Aim of the task
An exact copy is needed of the lines in the entries below from the line with "Apple 20W USB-C" up to and including the line with "Xiaomi Lamborghini Kart", and of nothing else. Leave the pictures out.

Source material
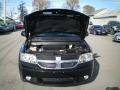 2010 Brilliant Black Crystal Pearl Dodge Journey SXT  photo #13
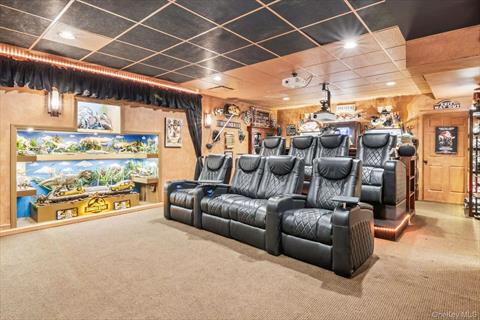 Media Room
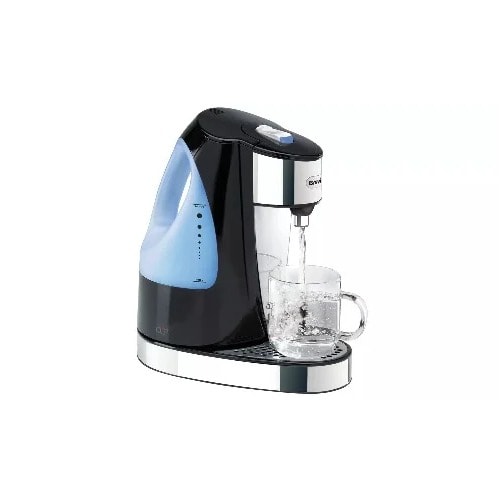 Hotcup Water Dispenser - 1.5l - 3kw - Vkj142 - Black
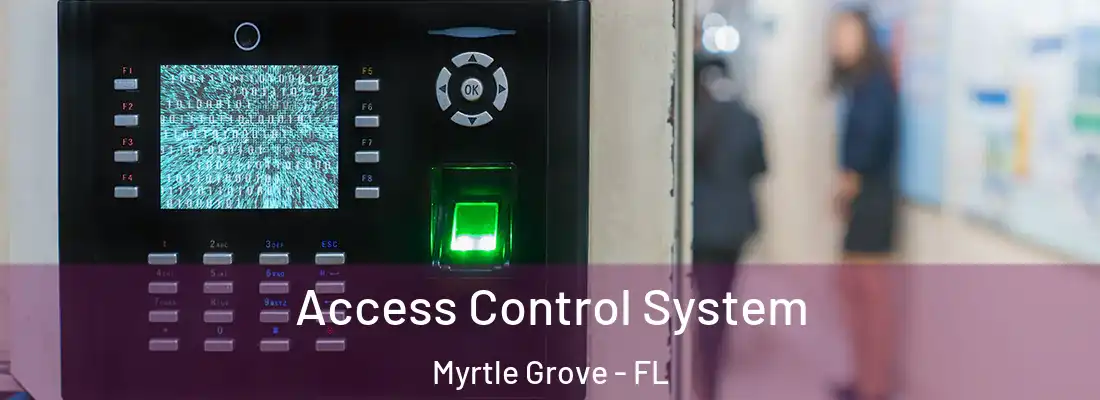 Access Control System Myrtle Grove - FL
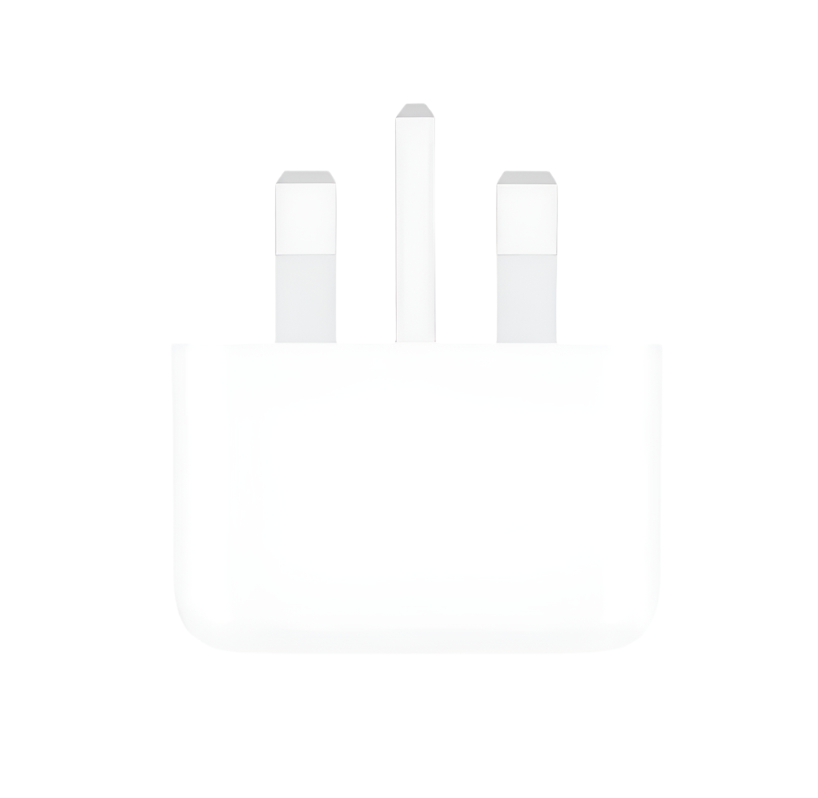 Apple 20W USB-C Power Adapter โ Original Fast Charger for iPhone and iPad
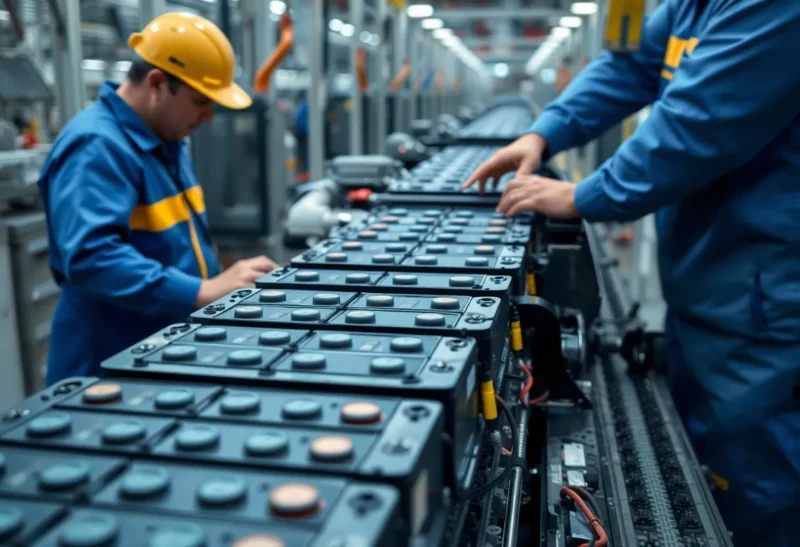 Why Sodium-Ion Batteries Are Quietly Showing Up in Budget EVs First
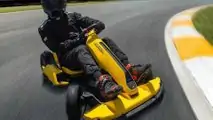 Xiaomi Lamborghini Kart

* * *

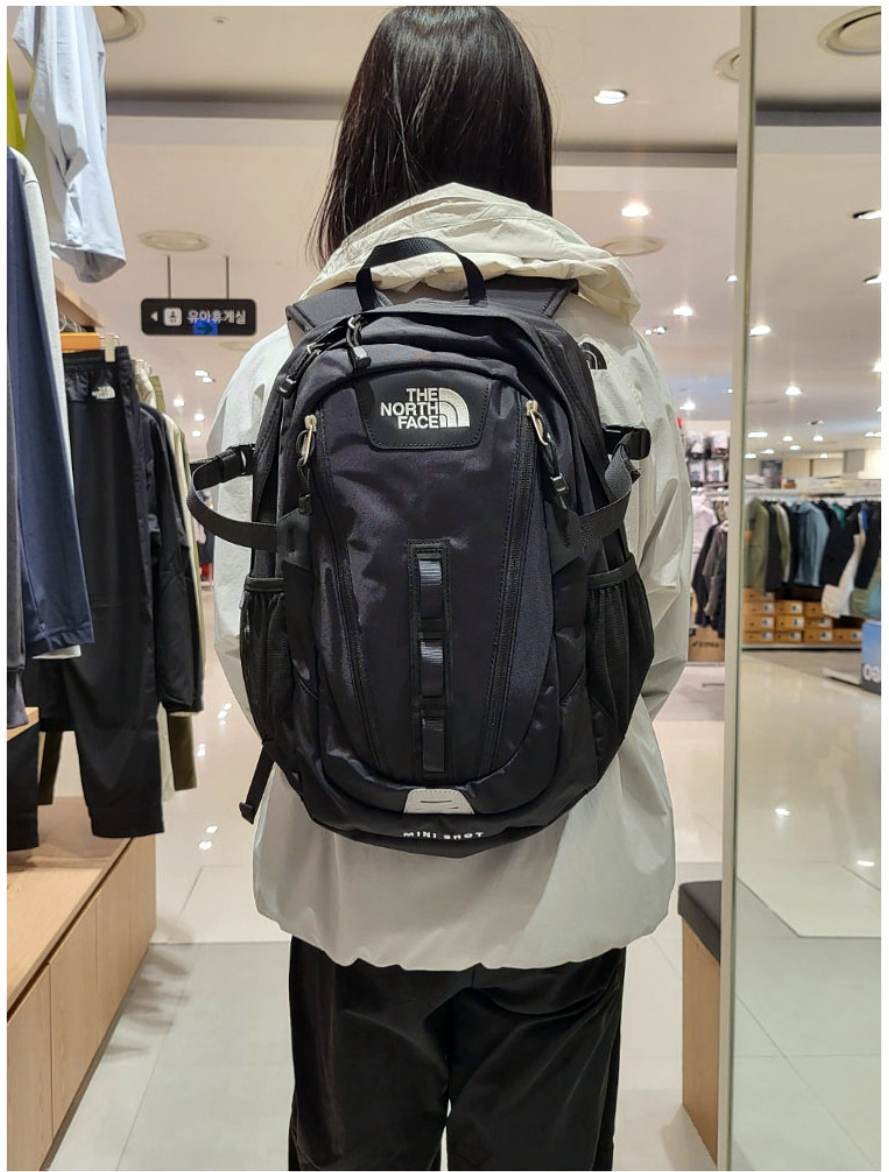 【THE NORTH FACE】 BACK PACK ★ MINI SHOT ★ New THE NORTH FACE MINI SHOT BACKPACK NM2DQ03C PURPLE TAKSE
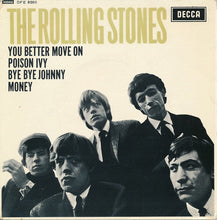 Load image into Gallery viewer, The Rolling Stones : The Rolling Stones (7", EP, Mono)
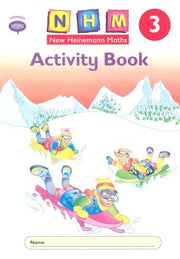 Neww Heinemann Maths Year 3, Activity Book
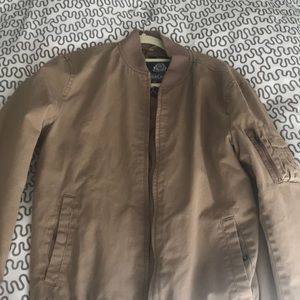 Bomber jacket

Answer space
 Apple 20W USB-C Power Adapter โ Original Fast Charger for iPhone and iPad
 Why Sodium-Ion Batteries Are Quietly Showing Up in Budget EVs First
 Xiaomi Lamborghini Kart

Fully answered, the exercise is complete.